**WHAT THE EXERCISE ASKS**
With pictures left out, please repeat word for word the lines from the one containing "Vanessa Hudgens photo 15 of 1607" through the end of the records.

**INFORMATION GIVEN**
- Opening Delimiter -
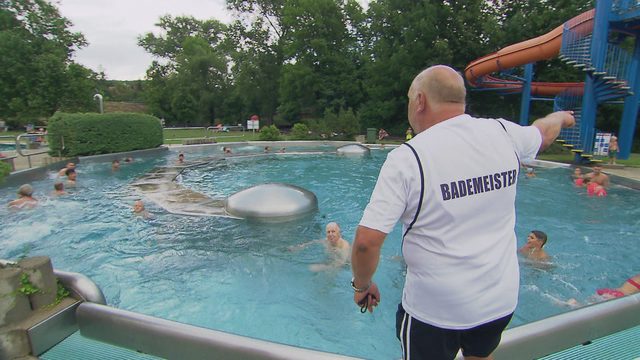 Deutschlands oberster Bademeister sieht in schlecht ausgebildetem Personal Sicherheitsrisiko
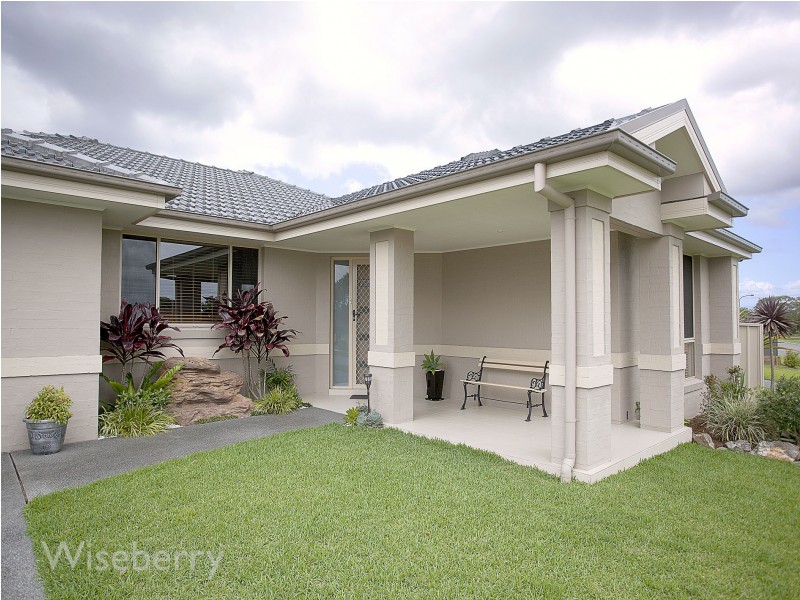 23 John Hall Drive, Taree NSW 2430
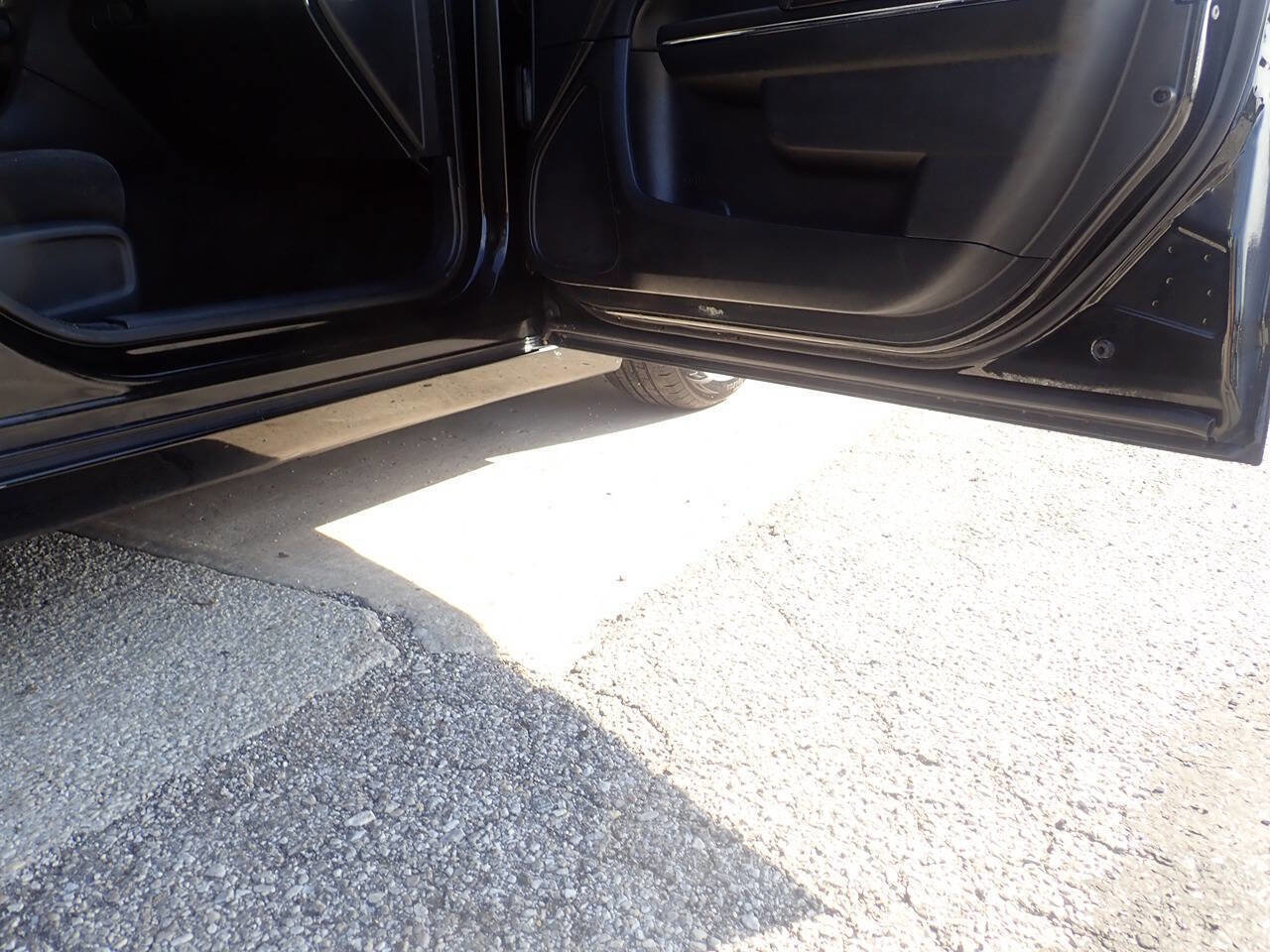 Used 2013 Dodge Charger SE image 24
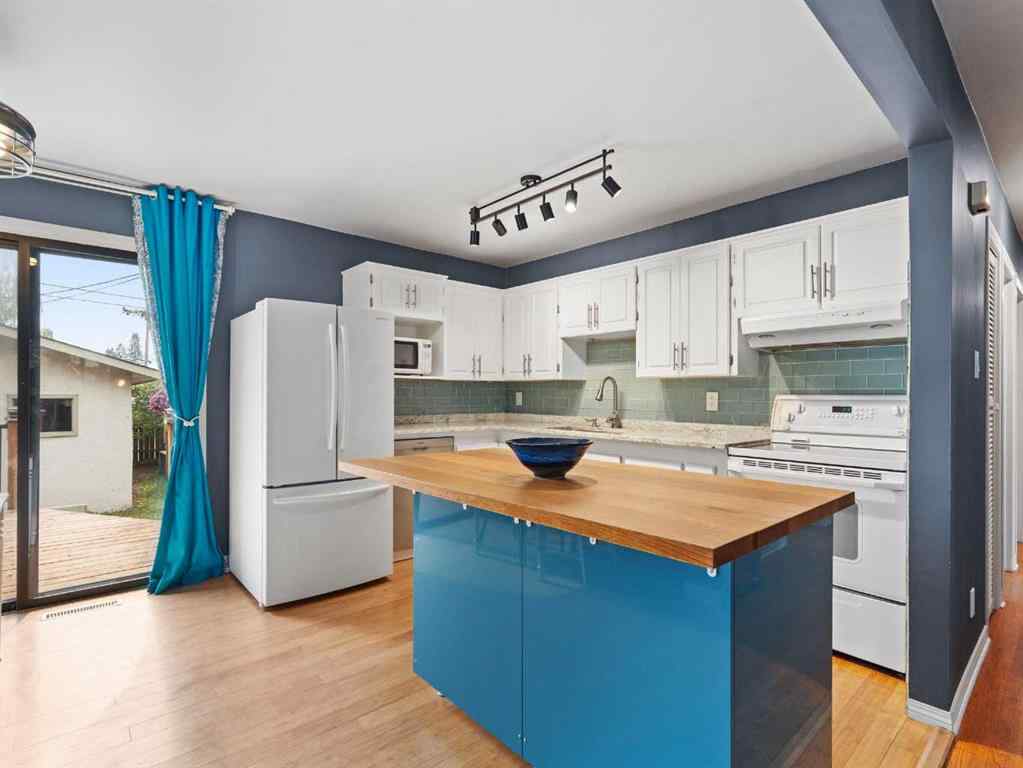 MLS® A2256149 - 1989 Cottonwood Crescent SE in Southview Calgary, Residential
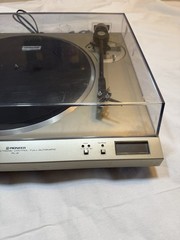 Pioneer PL-8 Quartz-PLL Electronic Control Direct Drive Full-Automatic Turntable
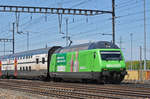 Re 460 080-5, mit der Migros Werbung, durchfährt den Bahnhof Muttenz. Die Aufnahme stammt vom 30.04.2017.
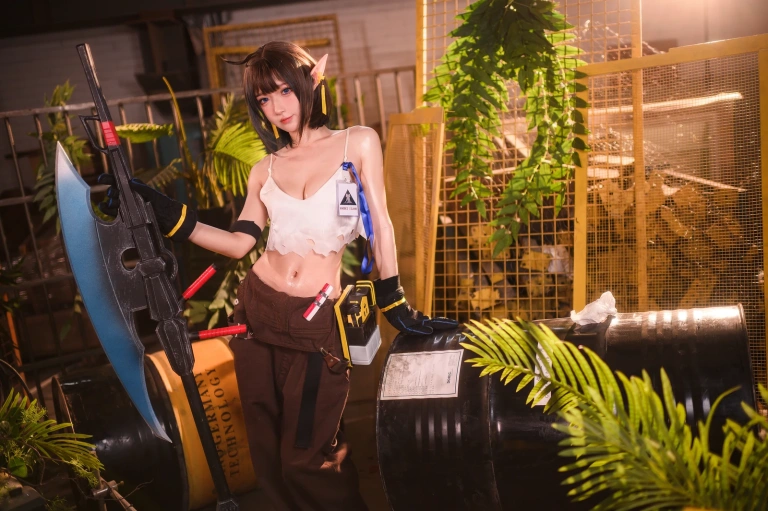 阿包也是兔娘《2022.06月舰长图包 明日方舟 森蚺》写真图集 33P｜在线预览与图包下载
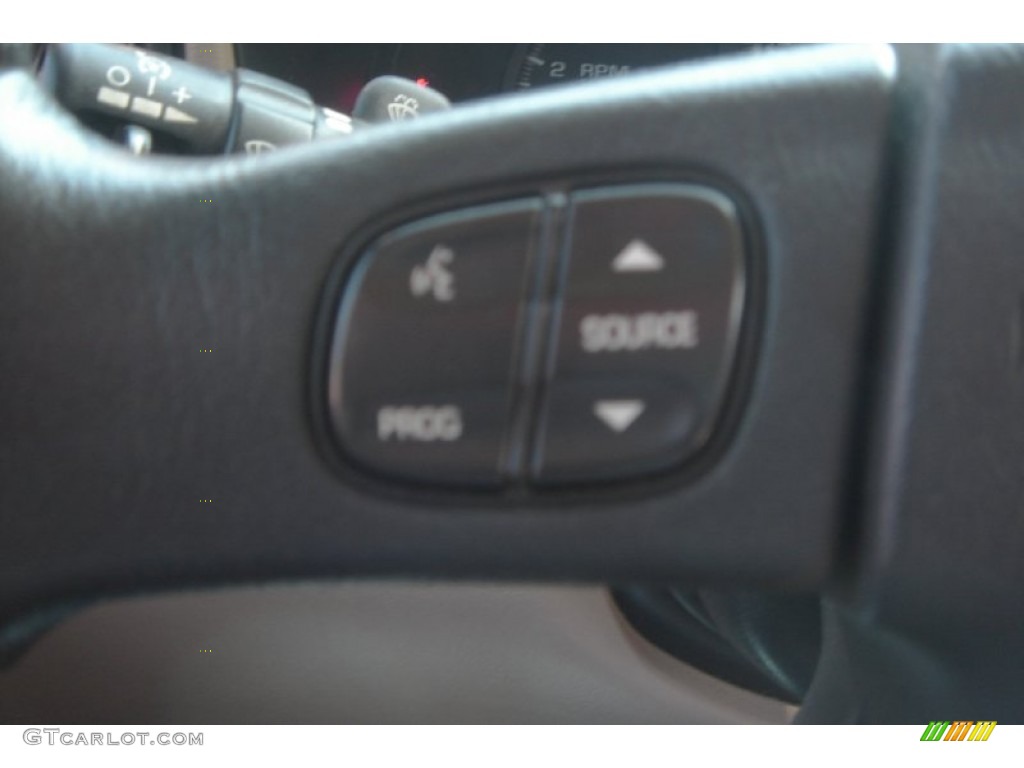 2004 Silverado 1500 Z71 Crew Cab 4x4 - Sport Red Metallic / Tan photo #24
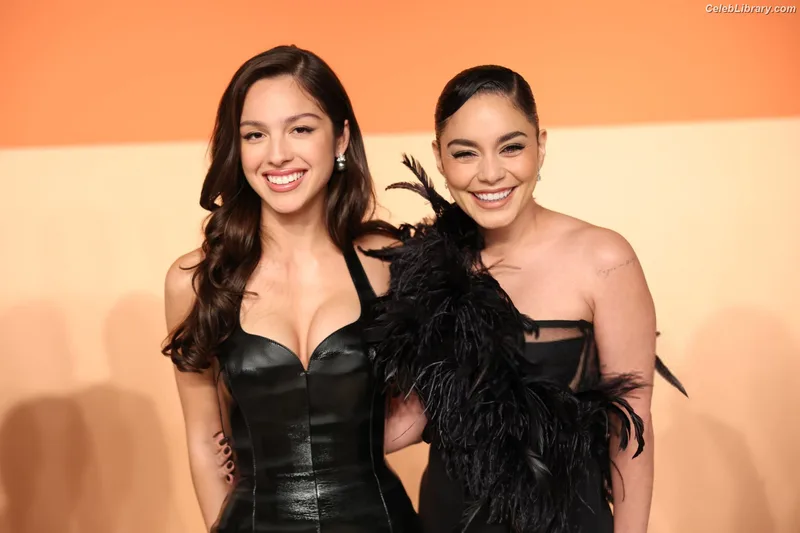 Vanessa Hudgens photo 15 of 1607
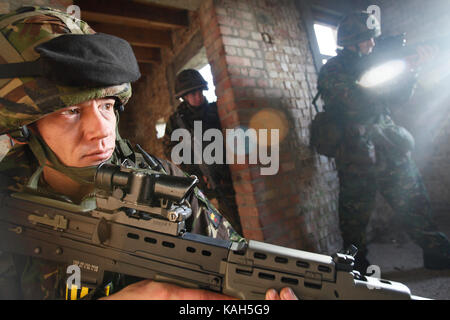 Reservisten vom Londoner TA Infanterie Regiment, das London Regiment, eine zusammengesetzte Rechnungsabschlusses in Vorbereitung für Afghanistan. Norfolk. 10.12 Stockfoto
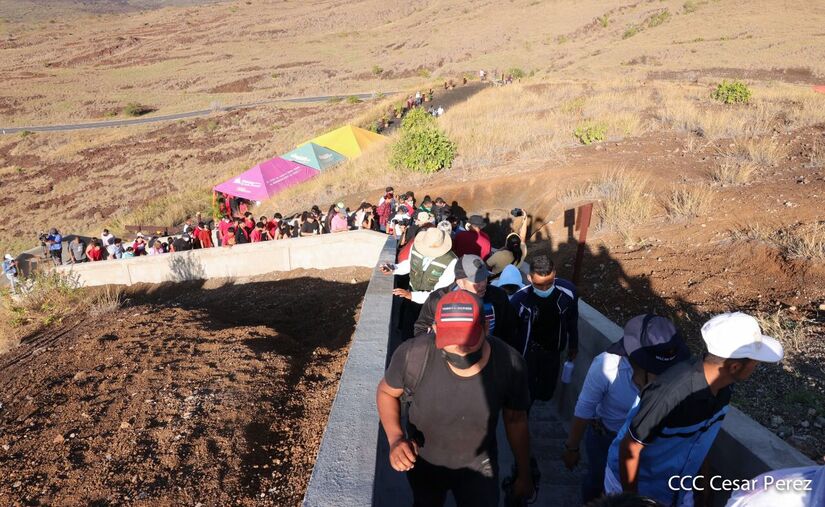 VOLCAN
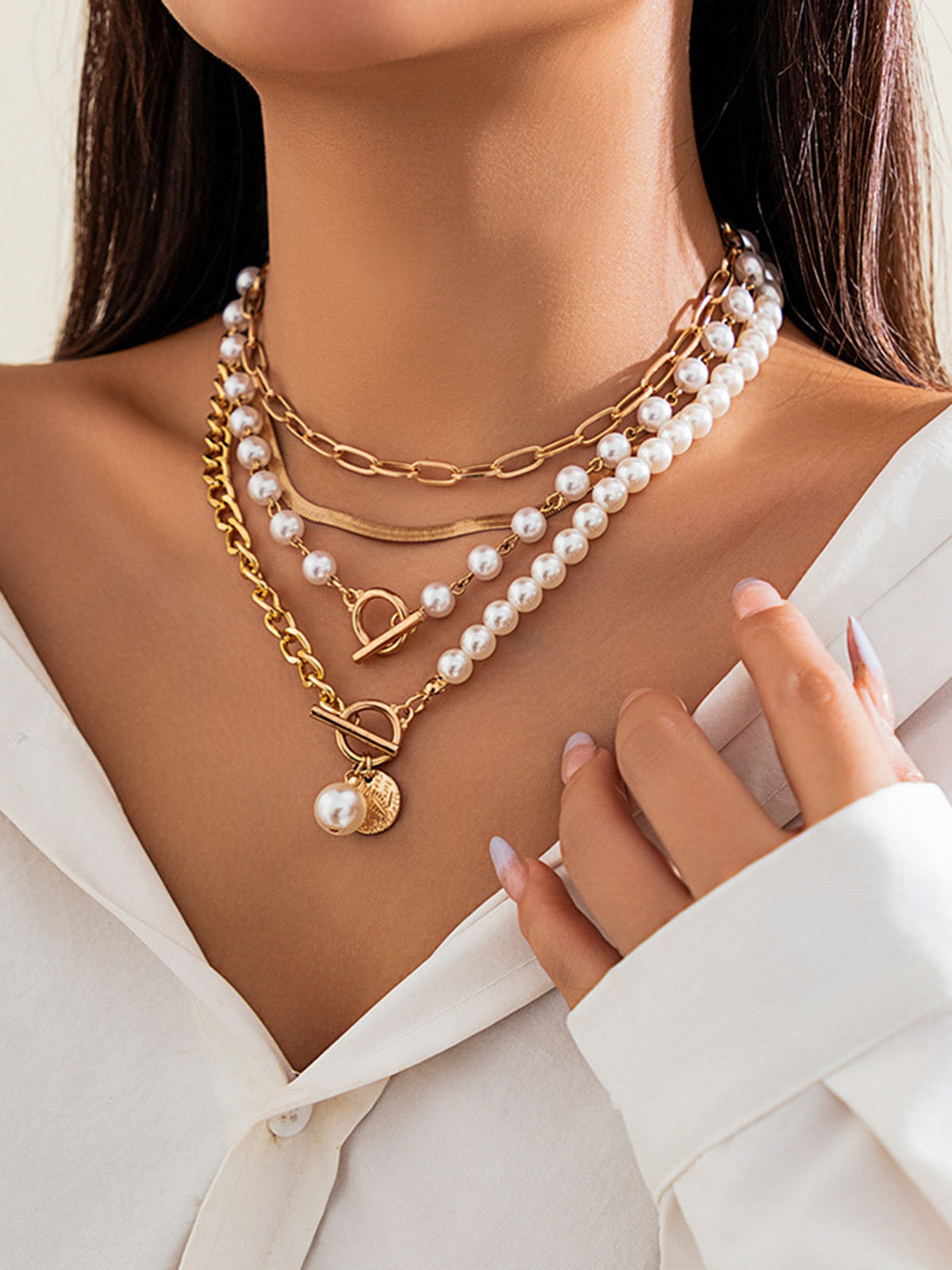 Perle | Pearl and Gold Chain Stack Necklace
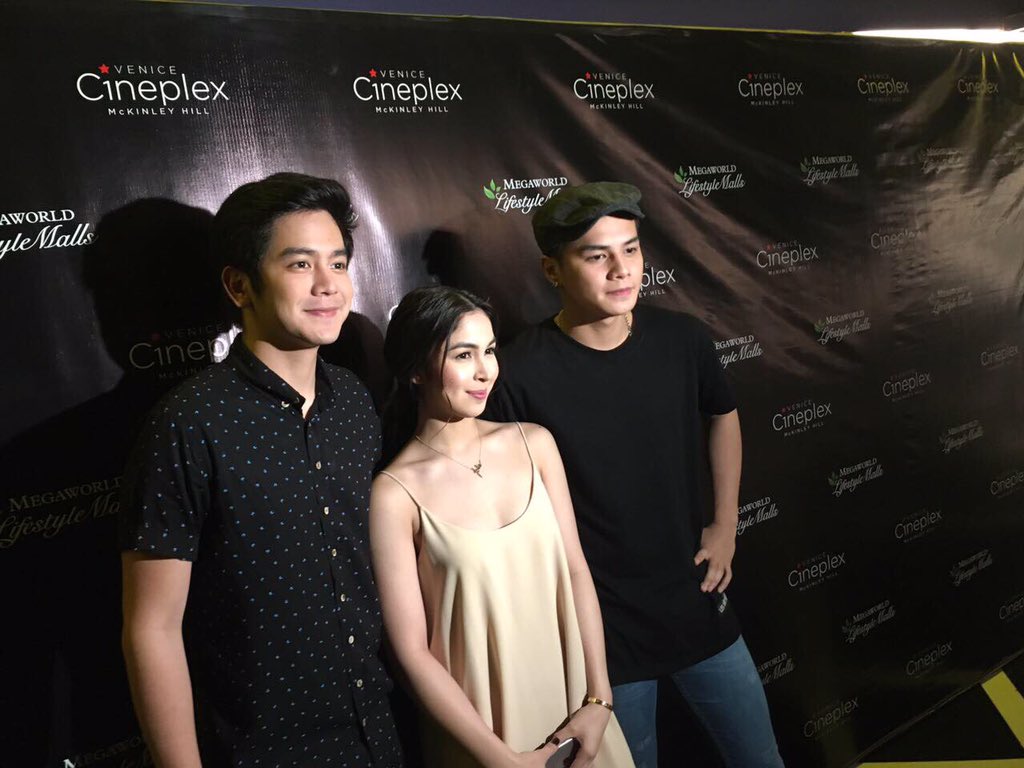 iamjamesbanaag's tweet photo. PHOTOS: @officialTIMYAP holds special block screening of #VinceandKathandJames tonight at Venice Cineplex, McKinley Hill. #VKJBoxOfficeDay3 https://t.co/U17abBr1jk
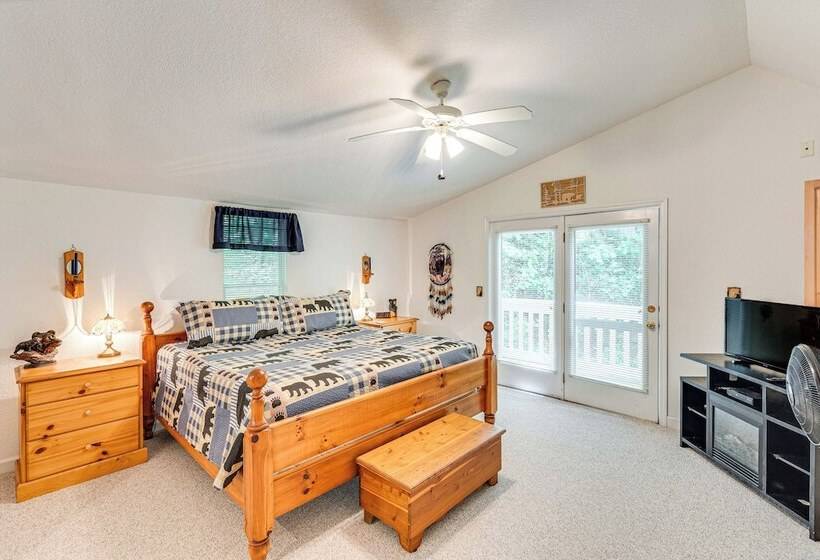 Secluded Cabin W/ Porch 7 Miles To Lake Chatuge!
- Closing Delimiter -
**RESULT FOR THIS TASK**
 Vanessa Hudgens photo 15 of 1607
 Reservisten vom Londoner TA Infanterie Regiment, das London Regiment, eine zusammengesetzte Rechnungsabschlusses in Vorbereitung für Afghanistan. Norfolk. 10.12 Stockfoto
 VOLCAN
 Perle | Pearl and Gold Chain Stack Necklace
 iamjamesbanaag's tweet photo. PHOTOS: @officialTIMYAP holds special block screening of #VinceandKathandJames tonight at Venice Cineplex, McKinley Hill. #VKJBoxOfficeDay3 https://t.co/U17abBr1jk
 Secluded Cabin W/ Porch 7 Miles To Lake Chatuge!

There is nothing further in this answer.